● **THE PROBLEM**:
Exactly reproduce the line containing "Amy Lynn Celeste" together with every line after it, through the end of the entries, and give nothing more.

[Data entries]
================
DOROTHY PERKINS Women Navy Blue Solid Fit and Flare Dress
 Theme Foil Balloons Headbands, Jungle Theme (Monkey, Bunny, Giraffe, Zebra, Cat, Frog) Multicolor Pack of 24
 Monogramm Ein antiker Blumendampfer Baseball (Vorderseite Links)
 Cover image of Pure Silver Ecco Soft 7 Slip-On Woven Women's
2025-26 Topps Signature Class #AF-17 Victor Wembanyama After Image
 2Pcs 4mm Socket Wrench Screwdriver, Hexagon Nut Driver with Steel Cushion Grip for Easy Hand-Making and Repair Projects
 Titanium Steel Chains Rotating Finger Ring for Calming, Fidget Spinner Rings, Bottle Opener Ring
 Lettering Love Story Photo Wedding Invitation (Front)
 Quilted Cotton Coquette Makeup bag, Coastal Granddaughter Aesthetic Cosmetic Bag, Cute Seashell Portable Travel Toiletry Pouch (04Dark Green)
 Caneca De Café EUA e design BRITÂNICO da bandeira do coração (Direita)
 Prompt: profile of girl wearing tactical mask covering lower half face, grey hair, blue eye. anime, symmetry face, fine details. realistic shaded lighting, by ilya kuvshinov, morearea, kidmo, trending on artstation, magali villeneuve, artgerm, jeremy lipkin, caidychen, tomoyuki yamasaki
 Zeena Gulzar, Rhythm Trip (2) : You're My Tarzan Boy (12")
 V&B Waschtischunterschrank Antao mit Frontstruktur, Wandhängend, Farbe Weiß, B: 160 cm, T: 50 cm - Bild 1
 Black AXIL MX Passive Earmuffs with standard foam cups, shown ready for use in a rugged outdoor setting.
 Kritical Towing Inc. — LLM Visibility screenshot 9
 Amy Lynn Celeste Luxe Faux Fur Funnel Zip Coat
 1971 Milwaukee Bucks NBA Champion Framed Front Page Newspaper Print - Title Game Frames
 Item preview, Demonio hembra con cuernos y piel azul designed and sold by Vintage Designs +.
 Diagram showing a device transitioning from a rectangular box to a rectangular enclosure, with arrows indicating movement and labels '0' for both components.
================
● **TASK SOLUTION**:
 Amy Lynn Celeste Luxe Faux Fur Funnel Zip Coat
 1971 Milwaukee Bucks NBA Champion Framed Front Page Newspaper Print - Title Game Frames
 Item preview, Demonio hembra con cuernos y piel azul designed and sold by Vintage Designs +.
 Diagram showing a device transitioning from a rectangular box to a rectangular enclosure, with arrows indicating movement and labels '0' for both components.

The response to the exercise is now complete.